### [SOURCE MATERIAL]
+---+

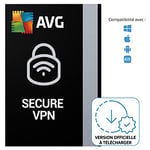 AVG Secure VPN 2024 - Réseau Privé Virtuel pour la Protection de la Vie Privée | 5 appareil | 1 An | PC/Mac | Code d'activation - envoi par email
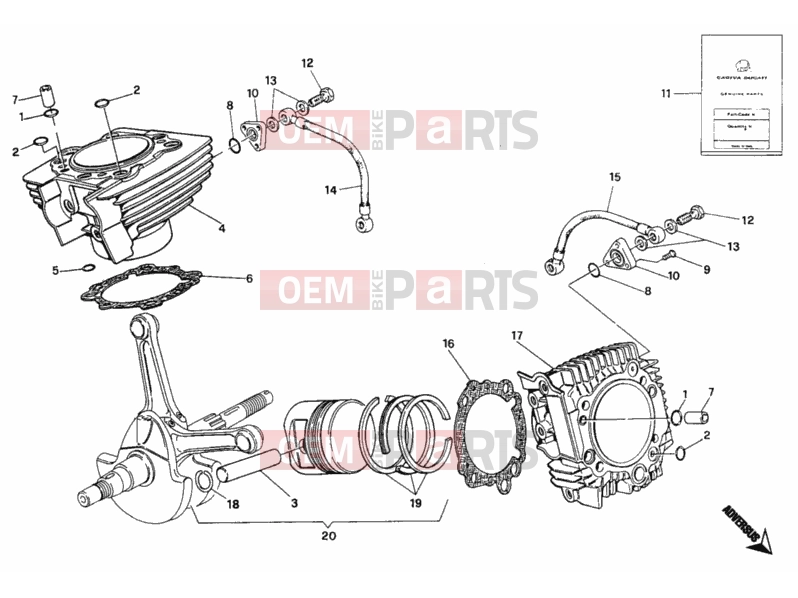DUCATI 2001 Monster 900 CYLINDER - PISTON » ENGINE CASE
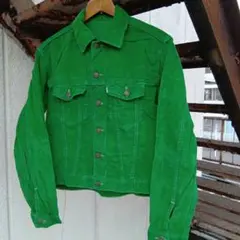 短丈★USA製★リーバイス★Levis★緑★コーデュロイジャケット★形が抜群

+---+

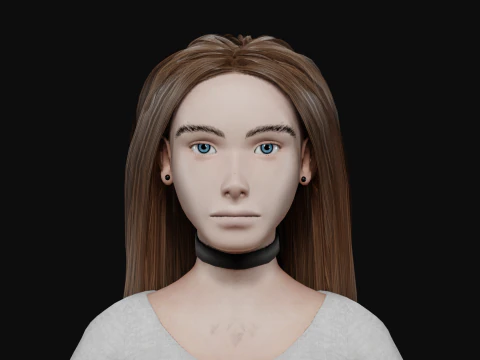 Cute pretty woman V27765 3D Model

+---+

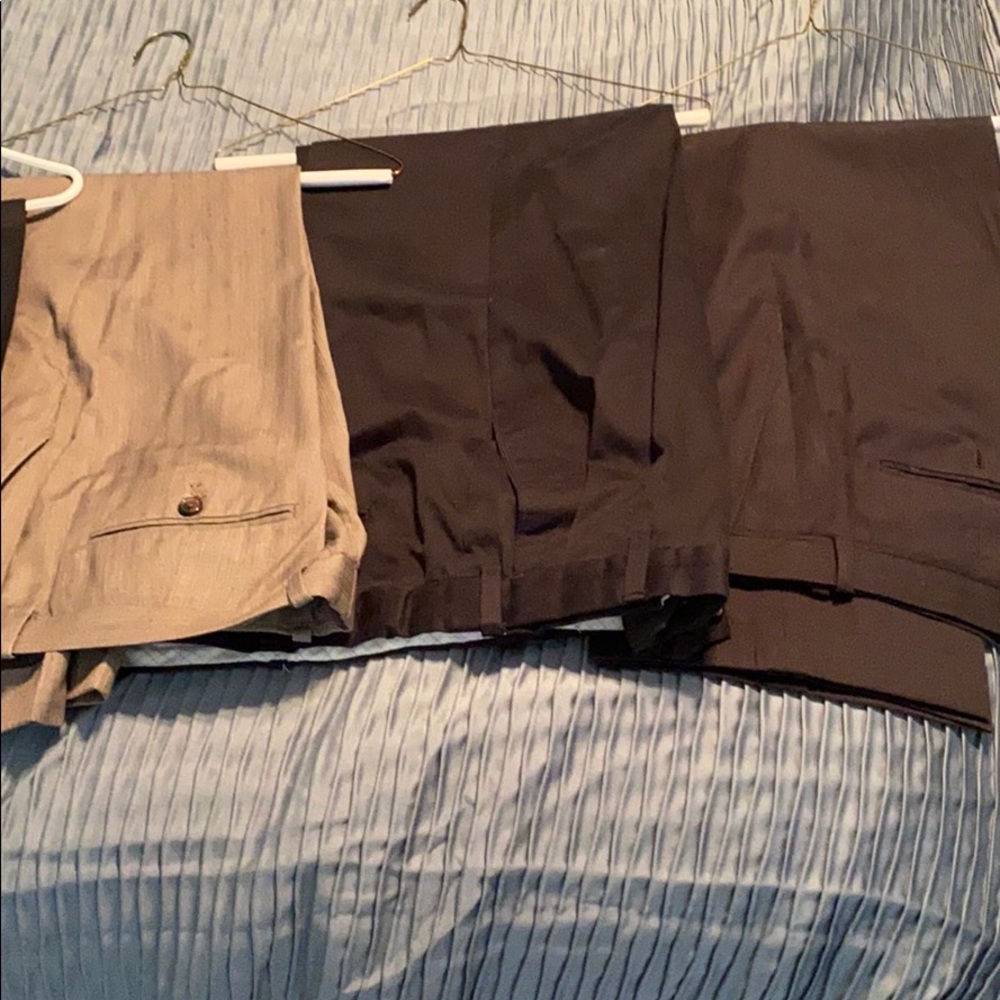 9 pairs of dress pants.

+---+

### [WHAT NEEDS TO BE DONE]
Repeat only the stretch of data above that runs from the line with "AVG Secure VPN" to the line with "短丈★USA製★リーバイス★Levis★緑★コーデュロイジャケット★形が抜群". Keep both end lines; exclude pictures.

### [ANSWER AREA]
 AVG Secure VPN 2024 - Réseau Privé Virtuel pour la Protection de la Vie Privée | 5 appareil | 1 An | PC/Mac | Code d'activation - envoi par email
DUCATI 2001 Monster 900 CYLINDER - PISTON » ENGINE CASE
 短丈★USA製★リーバイス★Levis★緑★コーデュロイジャケット★形が抜群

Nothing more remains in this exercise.